Records provided

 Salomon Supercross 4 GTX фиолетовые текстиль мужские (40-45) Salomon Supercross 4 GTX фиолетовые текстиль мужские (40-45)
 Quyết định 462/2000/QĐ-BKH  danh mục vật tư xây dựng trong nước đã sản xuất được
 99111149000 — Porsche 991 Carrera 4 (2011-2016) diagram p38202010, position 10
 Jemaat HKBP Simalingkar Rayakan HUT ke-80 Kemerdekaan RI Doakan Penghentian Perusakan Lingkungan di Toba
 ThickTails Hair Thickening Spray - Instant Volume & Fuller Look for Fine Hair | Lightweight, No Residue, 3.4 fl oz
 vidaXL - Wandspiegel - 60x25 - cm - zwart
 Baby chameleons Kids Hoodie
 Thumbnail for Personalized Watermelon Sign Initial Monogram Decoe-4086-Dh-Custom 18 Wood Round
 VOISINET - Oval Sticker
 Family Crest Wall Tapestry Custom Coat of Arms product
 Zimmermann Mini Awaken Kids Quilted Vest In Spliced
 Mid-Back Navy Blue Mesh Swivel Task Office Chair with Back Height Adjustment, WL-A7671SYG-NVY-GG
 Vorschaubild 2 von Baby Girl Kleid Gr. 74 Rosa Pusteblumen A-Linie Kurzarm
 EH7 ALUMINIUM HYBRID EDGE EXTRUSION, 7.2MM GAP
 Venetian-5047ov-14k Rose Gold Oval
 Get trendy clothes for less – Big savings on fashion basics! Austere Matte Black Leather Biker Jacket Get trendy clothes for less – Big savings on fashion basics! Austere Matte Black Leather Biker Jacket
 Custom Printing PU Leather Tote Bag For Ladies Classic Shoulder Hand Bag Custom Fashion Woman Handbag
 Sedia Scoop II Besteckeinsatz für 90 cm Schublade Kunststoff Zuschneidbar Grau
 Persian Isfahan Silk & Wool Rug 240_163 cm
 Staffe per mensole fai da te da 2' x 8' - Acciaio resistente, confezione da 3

Exercise goal
Restate every record exactly, leaving nothing out.

Answer below
 Salomon Supercross 4 GTX фиолетовые текстиль мужские (40-45) Salomon Supercross 4 GTX фиолетовые текстиль мужские (40-45)
 Quyết định 462/2000/QĐ-BKH  danh mục vật tư xây dựng trong nước đã sản xuất được
 99111149000 — Porsche 991 Carrera 4 (2011-2016) diagram p38202010, position 10
 Jemaat HKBP Simalingkar Rayakan HUT ke-80 Kemerdekaan RI Doakan Penghentian Perusakan Lingkungan di Toba
 ThickTails Hair Thickening Spray - Instant Volume & Fuller Look for Fine Hair | Lightweight, No Residue, 3.4 fl oz
 vidaXL - Wandspiegel - 60x25 - cm - zwart
 Baby chameleons Kids Hoodie
 Thumbnail for Personalized Watermelon Sign Initial Monogram Decoe-4086-Dh-Custom 18 Wood Round
 VOISINET - Oval Sticker
 Family Crest Wall Tapestry Custom Coat of Arms product
 Zimmermann Mini Awaken Kids Quilted Vest In Spliced
 Mid-Back Navy Blue Mesh Swivel Task Office Chair with Back Height Adjustment, WL-A7671SYG-NVY-GG
 Vorschaubild 2 von Baby Girl Kleid Gr. 74 Rosa Pusteblumen A-Linie Kurzarm
 EH7 ALUMINIUM HYBRID EDGE EXTRUSION, 7.2MM GAP
 Venetian-5047ov-14k Rose Gold Oval
 Get trendy clothes for less – Big savings on fashion basics! Austere Matte Black Leather Biker Jacket Get trendy clothes for less – Big savings on fashion basics! Austere Matte Black Leather Biker Jacket
 Custom Printing PU Leather Tote Bag For Ladies Classic Shoulder Hand Bag Custom Fashion Woman Handbag
 Sedia Scoop II Besteckeinsatz für 90 cm Schublade Kunststoff Zuschneidbar Grau
 Persian Isfahan Silk & Wool Rug 240_163 cm
 Staffe per mensole fai da te da 2' x 8' - Acciaio resistente, confezione da 3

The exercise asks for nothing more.